## AIM OF THE TASK
Nothing in the entries may be altered; copy them all exactly.

## INPUT
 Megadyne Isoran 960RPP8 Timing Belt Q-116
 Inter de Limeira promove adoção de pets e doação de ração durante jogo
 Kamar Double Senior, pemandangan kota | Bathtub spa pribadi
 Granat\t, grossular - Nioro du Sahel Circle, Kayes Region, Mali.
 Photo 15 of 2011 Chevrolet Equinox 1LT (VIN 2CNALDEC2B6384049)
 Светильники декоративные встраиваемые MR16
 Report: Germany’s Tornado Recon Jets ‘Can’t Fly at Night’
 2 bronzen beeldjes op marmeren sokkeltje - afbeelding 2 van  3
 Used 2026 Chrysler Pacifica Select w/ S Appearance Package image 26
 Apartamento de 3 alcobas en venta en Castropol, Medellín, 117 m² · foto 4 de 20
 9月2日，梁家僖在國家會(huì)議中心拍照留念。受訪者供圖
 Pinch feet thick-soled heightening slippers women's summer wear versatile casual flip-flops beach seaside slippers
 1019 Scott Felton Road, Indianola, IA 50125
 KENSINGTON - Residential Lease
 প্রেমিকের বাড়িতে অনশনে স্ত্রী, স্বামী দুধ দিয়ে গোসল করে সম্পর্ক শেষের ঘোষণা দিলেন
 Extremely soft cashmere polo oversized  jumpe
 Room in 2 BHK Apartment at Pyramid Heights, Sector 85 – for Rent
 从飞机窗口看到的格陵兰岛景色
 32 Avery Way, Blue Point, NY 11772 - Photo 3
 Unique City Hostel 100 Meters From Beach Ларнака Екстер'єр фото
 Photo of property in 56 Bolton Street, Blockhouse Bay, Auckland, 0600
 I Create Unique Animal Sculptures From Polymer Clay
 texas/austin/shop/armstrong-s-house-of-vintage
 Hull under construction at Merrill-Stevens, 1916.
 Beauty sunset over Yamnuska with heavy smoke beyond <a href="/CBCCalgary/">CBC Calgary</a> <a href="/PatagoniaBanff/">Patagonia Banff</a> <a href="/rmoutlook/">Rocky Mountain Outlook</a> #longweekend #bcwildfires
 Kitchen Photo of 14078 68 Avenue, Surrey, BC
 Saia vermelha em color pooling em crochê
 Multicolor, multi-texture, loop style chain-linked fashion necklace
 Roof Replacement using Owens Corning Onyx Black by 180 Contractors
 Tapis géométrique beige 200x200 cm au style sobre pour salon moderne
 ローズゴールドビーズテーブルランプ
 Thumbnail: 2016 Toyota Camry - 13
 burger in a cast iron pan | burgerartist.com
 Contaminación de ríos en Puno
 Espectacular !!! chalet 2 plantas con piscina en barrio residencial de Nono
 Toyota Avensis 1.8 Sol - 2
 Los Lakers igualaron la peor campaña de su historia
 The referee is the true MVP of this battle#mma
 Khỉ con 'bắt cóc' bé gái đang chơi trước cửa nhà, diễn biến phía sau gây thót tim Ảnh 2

## REPLY
 Megadyne Isoran 960RPP8 Timing Belt Q-116
 Inter de Limeira promove adoção de pets e doação de ração durante jogo
 Kamar Double Senior, pemandangan kota | Bathtub spa pribadi
 Granat\t, grossular - Nioro du Sahel Circle, Kayes Region, Mali.
 Photo 15 of 2011 Chevrolet Equinox 1LT (VIN 2CNALDEC2B6384049)
 Светильники декоративные встраиваемые MR16
 Report: Germany’s Tornado Recon Jets ‘Can’t Fly at Night’
 2 bronzen beeldjes op marmeren sokkeltje - afbeelding 2 van  3
 Used 2026 Chrysler Pacifica Select w/ S Appearance Package image 26
 Apartamento de 3 alcobas en venta en Castropol, Medellín, 117 m² · foto 4 de 20
 9月2日，梁家僖在國家會(huì)議中心拍照留念。受訪者供圖
 Pinch feet thick-soled heightening slippers women's summer wear versatile casual flip-flops beach seaside slippers
 1019 Scott Felton Road, Indianola, IA 50125
 KENSINGTON - Residential Lease
 প্রেমিকের বাড়িতে অনশনে স্ত্রী, স্বামী দুধ দিয়ে গোসল করে সম্পর্ক শেষের ঘোষণা দিলেন
 Extremely soft cashmere polo oversized  jumpe
 Room in 2 BHK Apartment at Pyramid Heights, Sector 85 – for Rent
 从飞机窗口看到的格陵兰岛景色
 32 Avery Way, Blue Point, NY 11772 - Photo 3
 Unique City Hostel 100 Meters From Beach Ларнака Екстер'єр фото
 Photo of property in 56 Bolton Street, Blockhouse Bay, Auckland, 0600
 I Create Unique Animal Sculptures From Polymer Clay
 texas/austin/shop/armstrong-s-house-of-vintage
 Hull under construction at Merrill-Stevens, 1916.
 Beauty sunset over Yamnuska with heavy smoke beyond <a href="/CBCCalgary/">CBC Calgary</a> <a href="/PatagoniaBanff/">Patagonia Banff</a> <a href="/rmoutlook/">Rocky Mountain Outlook</a> #longweekend #bcwildfires
 Kitchen Photo of 14078 68 Avenue, Surrey, BC
 Saia vermelha em color pooling em crochê
 Multicolor, multi-texture, loop style chain-linked fashion necklace
 Roof Replacement using Owens Corning Onyx Black by 180 Contractors
 Tapis géométrique beige 200x200 cm au style sobre pour salon moderne
 ローズゴールドビーズテーブルランプ
 Thumbnail: 2016 Toyota Camry - 13
 burger in a cast iron pan | burgerartist.com
 Contaminación de ríos en Puno
 Espectacular !!! chalet 2 plantas con piscina en barrio residencial de Nono
 Toyota Avensis 1.8 Sol - 2
 Los Lakers igualaron la peor campaña de su historia
 The referee is the true MVP of this battle#mma
 Khỉ con 'bắt cóc' bé gái đang chơi trước cửa nhà, diễn biến phía sau gây thót tim Ảnh 2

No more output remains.